I'm having a little trouble with getting one of our servers to recognize the full amount of RAM on the system. We have 8 Gigs installed and it only shows up on the 32 bit Windows 2003 Enterprise as 3.5 Gigs.

Now I know that by useing the PAE for the 32 bit Server 2003 Enterprise you can have up to 32 GB of RAM. I searched good old google, and I seen that to enable PAE you must edit the Boot.ini file. by adding the /PAE switch to the end of the ARC path. This is what I come up with:

[boot loader]
timeout=30
default=multi(0)disk(0)rdisk(0)partition(2)\WINDOWS
[operating systems]
multi(0)disk(0)rdisk(0)partition(2)\WINDOWS="Windows Server 2003, Enterprise" /fastdetect /PAE

This is what I read on the MSDN, on technet and everything. When I tried to reboot... well... it didn't want to come back up and Windows Server 2003 Enterprise decided to crash. I had to reboot into safe mode and take out the /PAE switch from the ARC path. 

I then seen that if the DEP was enabled, then automatically the PAE would be enabled by default. So... I tried to enable the DEP by going to the Right click my computer > Properties > Advanced > Performance Options Settings. But lone be hold... there was not a DEP tab there. So... I'm kind of stuck. I doubled check and the hardware should be compatible with doing this. 

We have a Dell PowerEdge 2950 with the standard system specs. I'm about to loose my mind over this. I've installed 64 bit version and of course... works just fine. Even the DEP tab is there, but... not in the 32 bit, and there both Dell 2950's. Anyway, help would be greatly appreciated. If you could that would be great. I hope to hear from someone soon. Thank you.


----------



## tech-it-^ (Aug 18, 2006)

bump*


----------



## tech-it-^ (Aug 18, 2006)

bump*


----------



## tech-it-^ (Aug 18, 2006)

bump*


----------



## tech-it-^ (Aug 18, 2006)

bump*


----------



## tech-it-^ (Aug 18, 2006)

ha, figured it out. I read somewhere that there was some sort of hot fix for it with SP1. I was trying to do it from just the basic build with no updates.
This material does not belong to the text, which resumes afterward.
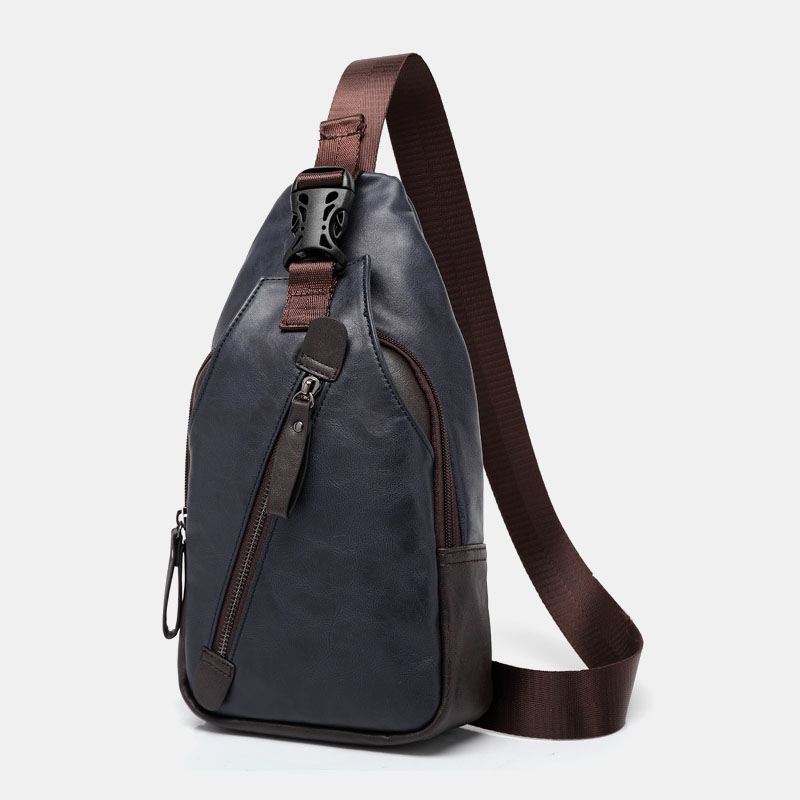 Mænd Pu-læder Multi-pocket Vandtæt Casual Crossbody Bag Brysttaske Sling Bag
The service packs fixed it and now it is seeing all 8 GB of memory.


----------



## XtabbedoutX (Sep 12, 2007)

Sorry no one was able to help you on this. Glad you got the problem resolved. From my experience if something in a M$ environment is not acting like it should out of the box a Fix or service pack will usually fix what they forgot. This reasoning especially applies to OS's that have been out for some time.


----------



## tech-it-^ (Aug 18, 2006)

lol, thank you very much.


----------